70. Based upon the expert testimony, this Court finds and concludes that [Huynh] appears to have been suffering from a mental disease, i.e., schizophrenia, at the time of the killing.

71. This Court does not find or conclude, however, that as a result of his mental disease, either [Huynh's] cognitive or volitional capacity was substantially impaired.

72. As such, this Court finds and concludes that [Huynh] has failed to meet his burden of affirmatively proving the insanity defense.

73. After considering all the evidence and the applicable law, this Court finds and concludes as follows:

. . . .

c. Based upon the credible and persuasive testimony of the State's mental health experts, [Huynh] retained substantial capacity to appreciate the wrongfulness of his conduct and to conform his conduct to the requirements of the law; as such, [Huynh] does not meet the legal requirements for the insanity defense[.]
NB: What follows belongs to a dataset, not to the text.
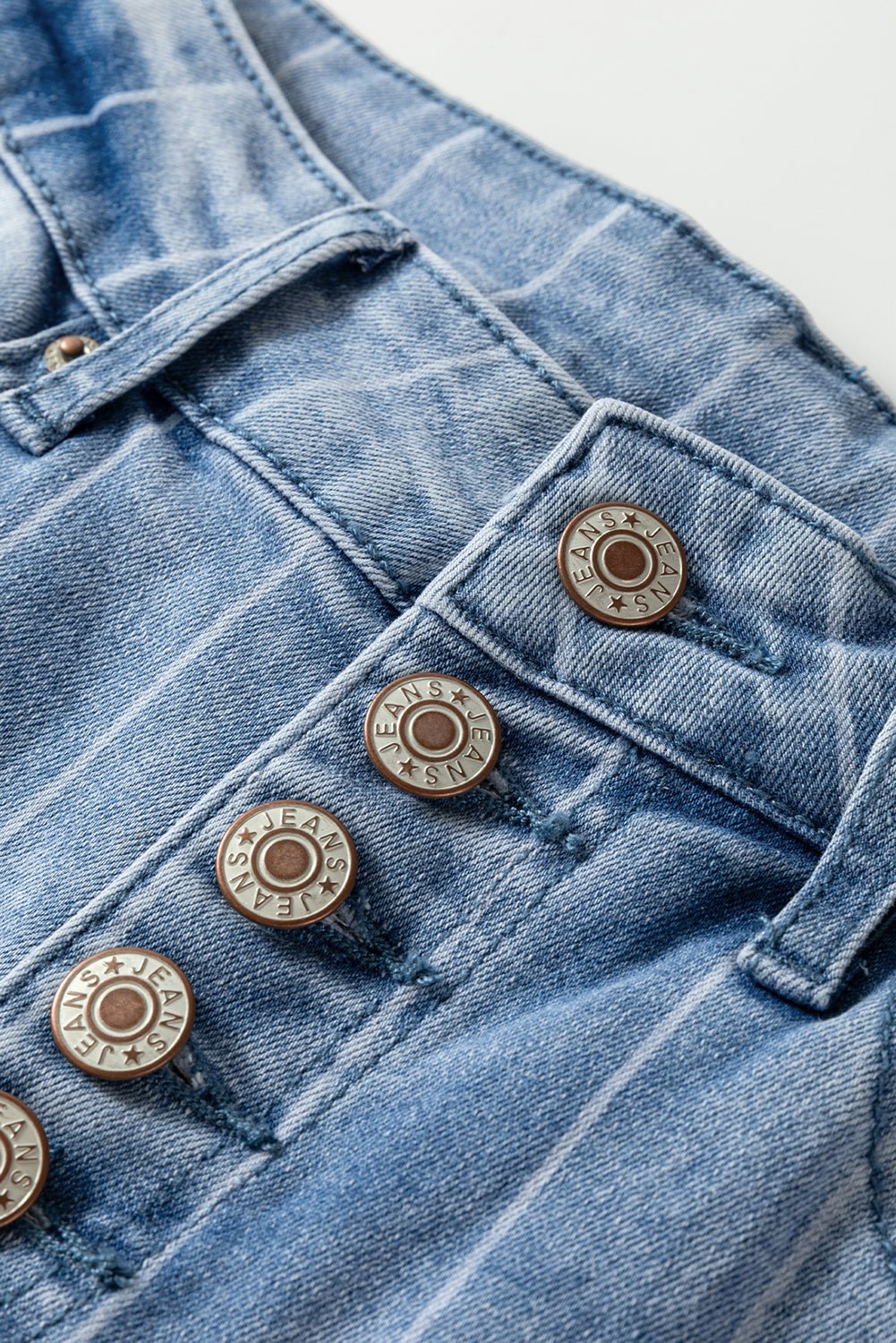 Beau Blue Multi Buttons Pinstripe Wide Leg Jeans - Goddess Vibes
3. In United States v. Duarte-Higareda, 113 F.3d 1000 (9th Cir. 1997), the defendant, who was not fluent in English, had signed an English-language waiver form, but the record was silent as to whether the form had been translated for him. Id. at 1002. On appeal, the United States Court of Appeals for the Ninth Circuit vacated, finding that the language barrier constituted a "special disadvantage or disability" bearing upon the defendant's ability to understand the waiver of a jury trial and thus requiring a more extensive colloquy between the district court and the defendant to ensure voluntariness. Id. at 1003. The Ninth Circuit concluded that the language barrier in that case was a salient fact giving notice to the district court that the defendant's waiver was less than voluntary. Id.